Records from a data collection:

== Segment start ==

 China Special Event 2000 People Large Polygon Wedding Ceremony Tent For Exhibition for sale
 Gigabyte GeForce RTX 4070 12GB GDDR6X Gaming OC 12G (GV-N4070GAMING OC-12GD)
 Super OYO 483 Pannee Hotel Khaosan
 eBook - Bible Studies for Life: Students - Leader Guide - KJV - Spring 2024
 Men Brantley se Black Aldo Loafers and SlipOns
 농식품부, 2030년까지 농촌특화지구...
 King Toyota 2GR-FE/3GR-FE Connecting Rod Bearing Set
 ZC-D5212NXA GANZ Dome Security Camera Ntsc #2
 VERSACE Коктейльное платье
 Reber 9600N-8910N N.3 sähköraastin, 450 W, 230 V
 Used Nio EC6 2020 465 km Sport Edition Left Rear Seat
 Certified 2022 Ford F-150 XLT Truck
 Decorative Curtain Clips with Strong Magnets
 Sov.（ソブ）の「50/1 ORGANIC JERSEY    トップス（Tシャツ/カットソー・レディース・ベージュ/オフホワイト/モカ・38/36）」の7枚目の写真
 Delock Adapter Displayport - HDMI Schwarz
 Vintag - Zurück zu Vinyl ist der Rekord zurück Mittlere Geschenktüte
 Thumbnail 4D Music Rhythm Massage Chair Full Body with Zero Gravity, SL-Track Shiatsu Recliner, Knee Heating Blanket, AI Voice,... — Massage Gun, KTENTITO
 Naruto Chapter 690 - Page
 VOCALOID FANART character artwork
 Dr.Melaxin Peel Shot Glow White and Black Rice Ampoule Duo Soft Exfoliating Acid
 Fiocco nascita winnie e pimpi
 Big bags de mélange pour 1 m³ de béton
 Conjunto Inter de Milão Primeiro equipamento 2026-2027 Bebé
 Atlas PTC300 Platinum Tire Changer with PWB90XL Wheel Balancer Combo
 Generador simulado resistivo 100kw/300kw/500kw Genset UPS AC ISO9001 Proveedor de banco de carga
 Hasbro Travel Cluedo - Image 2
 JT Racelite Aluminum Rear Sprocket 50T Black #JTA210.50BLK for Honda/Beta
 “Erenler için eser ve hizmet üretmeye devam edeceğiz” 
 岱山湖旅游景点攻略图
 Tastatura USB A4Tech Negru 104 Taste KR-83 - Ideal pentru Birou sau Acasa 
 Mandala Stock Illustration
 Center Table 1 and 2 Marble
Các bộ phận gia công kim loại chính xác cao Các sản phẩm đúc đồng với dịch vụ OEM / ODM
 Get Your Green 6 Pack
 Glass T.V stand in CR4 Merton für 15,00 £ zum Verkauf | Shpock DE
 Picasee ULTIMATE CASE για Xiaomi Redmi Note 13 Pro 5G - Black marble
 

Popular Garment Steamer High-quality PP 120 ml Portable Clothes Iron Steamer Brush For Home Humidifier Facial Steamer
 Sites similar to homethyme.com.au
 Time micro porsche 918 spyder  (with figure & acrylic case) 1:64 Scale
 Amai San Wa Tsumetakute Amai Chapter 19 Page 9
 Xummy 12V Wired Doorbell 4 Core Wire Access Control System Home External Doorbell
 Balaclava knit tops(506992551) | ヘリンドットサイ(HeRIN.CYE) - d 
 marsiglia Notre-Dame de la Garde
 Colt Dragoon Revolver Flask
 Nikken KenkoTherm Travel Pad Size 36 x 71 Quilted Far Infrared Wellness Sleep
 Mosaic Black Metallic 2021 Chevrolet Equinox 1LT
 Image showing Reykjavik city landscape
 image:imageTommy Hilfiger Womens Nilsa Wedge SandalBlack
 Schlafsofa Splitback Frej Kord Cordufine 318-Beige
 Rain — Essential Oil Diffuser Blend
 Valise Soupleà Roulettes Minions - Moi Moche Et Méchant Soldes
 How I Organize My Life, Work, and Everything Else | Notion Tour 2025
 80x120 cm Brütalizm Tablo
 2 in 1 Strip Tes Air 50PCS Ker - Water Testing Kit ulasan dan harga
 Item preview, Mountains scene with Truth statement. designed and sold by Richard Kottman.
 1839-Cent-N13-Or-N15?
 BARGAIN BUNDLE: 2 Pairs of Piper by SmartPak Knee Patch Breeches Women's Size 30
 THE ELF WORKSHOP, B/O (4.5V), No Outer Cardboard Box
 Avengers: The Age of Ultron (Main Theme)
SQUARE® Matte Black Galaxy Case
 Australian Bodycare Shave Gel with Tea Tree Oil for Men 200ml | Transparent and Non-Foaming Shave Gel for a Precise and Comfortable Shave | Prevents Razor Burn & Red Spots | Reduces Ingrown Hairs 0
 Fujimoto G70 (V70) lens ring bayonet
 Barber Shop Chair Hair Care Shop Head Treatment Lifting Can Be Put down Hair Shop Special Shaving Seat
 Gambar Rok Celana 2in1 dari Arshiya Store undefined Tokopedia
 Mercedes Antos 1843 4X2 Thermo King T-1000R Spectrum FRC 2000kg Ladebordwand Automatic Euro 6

== Segment end ==

▶ _WORK INSTRUCTION_
Could you transcribe every entry exactly, without altering anything?

▶ _EXERCISE RESULT_
 China Special Event 2000 People Large Polygon Wedding Ceremony Tent For Exhibition for sale
 Gigabyte GeForce RTX 4070 12GB GDDR6X Gaming OC 12G (GV-N4070GAMING OC-12GD)
 Super OYO 483 Pannee Hotel Khaosan
 eBook - Bible Studies for Life: Students - Leader Guide - KJV - Spring 2024
 Men Brantley se Black Aldo Loafers and SlipOns
 농식품부, 2030년까지 농촌특화지구...
 King Toyota 2GR-FE/3GR-FE Connecting Rod Bearing Set
 ZC-D5212NXA GANZ Dome Security Camera Ntsc #2
 VERSACE Коктейльное платье
 Reber 9600N-8910N N.3 sähköraastin, 450 W, 230 V
 Used Nio EC6 2020 465 km Sport Edition Left Rear Seat
 Certified 2022 Ford F-150 XLT Truck
 Decorative Curtain Clips with Strong Magnets
 Sov.（ソブ）の「50/1 ORGANIC JERSEY    トップス（Tシャツ/カットソー・レディース・ベージュ/オフホワイト/モカ・38/36）」の7枚目の写真
 Delock Adapter Displayport - HDMI Schwarz
 Vintag - Zurück zu Vinyl ist der Rekord zurück Mittlere Geschenktüte
 Thumbnail 4D Music Rhythm Massage Chair Full Body with Zero Gravity, SL-Track Shiatsu Recliner, Knee Heating Blanket, AI Voice,... — Massage Gun, KTENTITO
 Naruto Chapter 690 - Page
 VOCALOID FANART character artwork
 Dr.Melaxin Peel Shot Glow White and Black Rice Ampoule Duo Soft Exfoliating Acid
 Fiocco nascita winnie e pimpi
 Big bags de mélange pour 1 m³ de béton
 Conjunto Inter de Milão Primeiro equipamento 2026-2027 Bebé
 Atlas PTC300 Platinum Tire Changer with PWB90XL Wheel Balancer Combo
 Generador simulado resistivo 100kw/300kw/500kw Genset UPS AC ISO9001 Proveedor de banco de carga
 Hasbro Travel Cluedo - Image 2
 JT Racelite Aluminum Rear Sprocket 50T Black #JTA210.50BLK for Honda/Beta
 “Erenler için eser ve hizmet üretmeye devam edeceğiz” 
 岱山湖旅游景点攻略图
 Tastatura USB A4Tech Negru 104 Taste KR-83 - Ideal pentru Birou sau Acasa 
 Mandala Stock Illustration
 Center Table 1 and 2 Marble
Các bộ phận gia công kim loại chính xác cao Các sản phẩm đúc đồng với dịch vụ OEM / ODM
 Get Your Green 6 Pack
 Glass T.V stand in CR4 Merton für 15,00 £ zum Verkauf | Shpock DE
 Picasee ULTIMATE CASE για Xiaomi Redmi Note 13 Pro 5G - Black marble
 

Popular Garment Steamer High-quality PP 120 ml Portable Clothes Iron Steamer Brush For Home Humidifier Facial Steamer
 Sites similar to homethyme.com.au
 Time micro porsche 918 spyder  (with figure & acrylic case) 1:64 Scale
 Amai San Wa Tsumetakute Amai Chapter 19 Page 9
 Xummy 12V Wired Doorbell 4 Core Wire Access Control System Home External Doorbell
 Balaclava knit tops(506992551) | ヘリンドットサイ(HeRIN.CYE) - d 
 marsiglia Notre-Dame de la Garde
 Colt Dragoon Revolver Flask
 Nikken KenkoTherm Travel Pad Size 36 x 71 Quilted Far Infrared Wellness Sleep
 Mosaic Black Metallic 2021 Chevrolet Equinox 1LT
 Image showing Reykjavik city landscape
 image:imageTommy Hilfiger Womens Nilsa Wedge SandalBlack
 Schlafsofa Splitback Frej Kord Cordufine 318-Beige
 Rain — Essential Oil Diffuser Blend
 Valise Soupleà Roulettes Minions - Moi Moche Et Méchant Soldes
 How I Organize My Life, Work, and Everything Else | Notion Tour 2025
 80x120 cm Brütalizm Tablo
 2 in 1 Strip Tes Air 50PCS Ker - Water Testing Kit ulasan dan harga
 Item preview, Mountains scene with Truth statement. designed and sold by Richard Kottman.
 1839-Cent-N13-Or-N15?
 BARGAIN BUNDLE: 2 Pairs of Piper by SmartPak Knee Patch Breeches Women's Size 30
 THE ELF WORKSHOP, B/O (4.5V), No Outer Cardboard Box
 Avengers: The Age of Ultron (Main Theme)
SQUARE® Matte Black Galaxy Case
 Australian Bodycare Shave Gel with Tea Tree Oil for Men 200ml | Transparent and Non-Foaming Shave Gel for a Precise and Comfortable Shave | Prevents Razor Burn & Red Spots | Reduces Ingrown Hairs 0
 Fujimoto G70 (V70) lens ring bayonet
 Barber Shop Chair Hair Care Shop Head Treatment Lifting Can Be Put down Hair Shop Special Shaving Seat
 Gambar Rok Celana 2in1 dari Arshiya Store undefined Tokopedia
 Mercedes Antos 1843 4X2 Thermo King T-1000R Spectrum FRC 2000kg Ladebordwand Automatic Euro 6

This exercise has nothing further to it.